An excellent summary.cienfuegos wrote:Celestial Jesus is easily unfalsifiable. The problem is that the evidence that would falsify it doesn't exist. That does not mean it isn't falsifiable. The fact that evidence did not exist was obviously a problem for the ancients as well because they manufactured some (for example Jesus' correspondence with King Agbar, which would easily falsify mythicism if it were authentic). The fact that the evidence needed to falsify the celestial Jesus can be imagined (we know what kinds of evidence would falsify the theory) but does not exist means (in empirical research, at least) that we cannot reject the null hypothesis if our question is:
h(1): There was a Jesus of Nazareth, who preached in the early first century and was executed by Rome.
h(0): There was not a Jesus of Nazareth who...
We cannot reject h(0). That does not mean we "accept" h(0), only that we cannot reject it and we need further research.
Simplifying perhaps start with h(1): There was a Jesus of Nazareth, who preached in the early first century ...
Historiography must address chronology. So Jesus preached?
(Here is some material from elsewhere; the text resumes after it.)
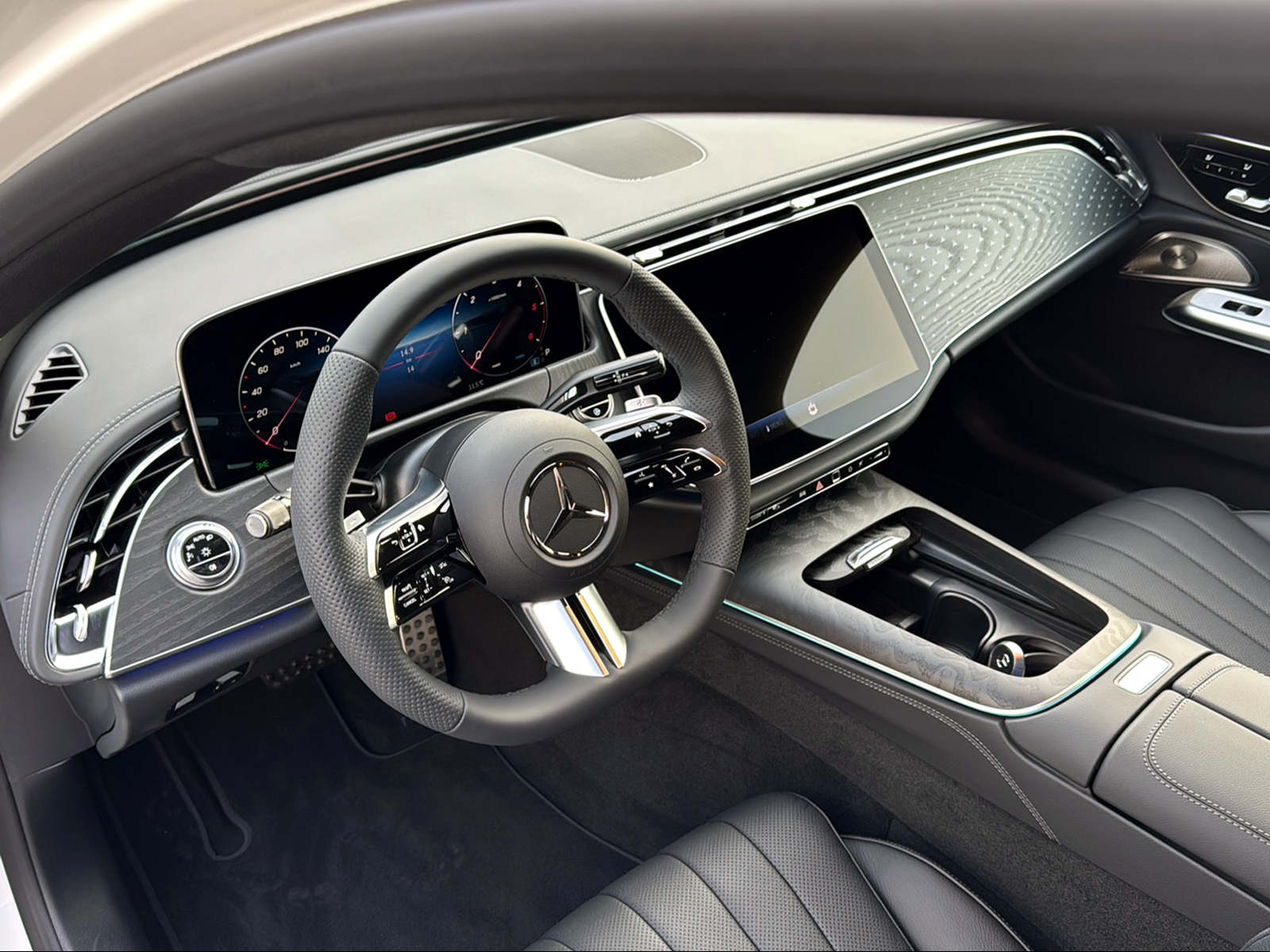 MERCEDES-BENZ E 220 d 4Matic T-Modell-image-6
Someone asked "What were the words of Jesus". Everyone knows what the canonical words of Jesus are because they are in the Bible. The problems start happening when you look for corroboration external to the canon. The first departure place is often the non canonical "words and sermons and stories" of Jesus.
Someone throws in the Gnostic Thomas. Everyone agrees. Do we have some more words from "Jesus"? Each of the sayings in Thomas is prefaced with "IS said" (where "IS" is the Coptic equivalent of the Greek nomina sacra for Jesus). So it could be "Our Man". The following from the link immediately below supplied by outhouse.
- Concerning the canon, scholars still typically privilege the Synoptics over John for historical reconstruction, but they do not explain why. Q and Thomas—a hypothetical document and a text that may be second-century—are sometimes seen as closer to the historical Jesus than the canonical Gospels.
Run a check. What do you find?
One critical aspect of Jesus Studies historiography IMO is the critical examination of both earliest and latest dates.
The theology is additional. Jesus as an "Angel" of some description? IDK. Maybe. But was Jesus supposed to be a "Jewish Angel" or a "Greek Angel"? To whom were the words of Jesus and his message directed if not the Greek literate populace of the Roman Empire in the first or second century? The Greeks already had their own ideas about "angels". [daimon; "guardian spirit"] This IMO is a pathway to discuss the influence of the Stoics and Platonists on "Paul" and the "Gospel Author(s)" . Were the canonical authors familiar with the ethics of Seneca? It seems to be so.
Anyone contemplating the Jesus as an "Angel" historical motif might check out the appearance of Jesus as the figure "Lithagoel" in the Acts of Peter and the Twelve Apostles" in the NH library. NHC 6.1.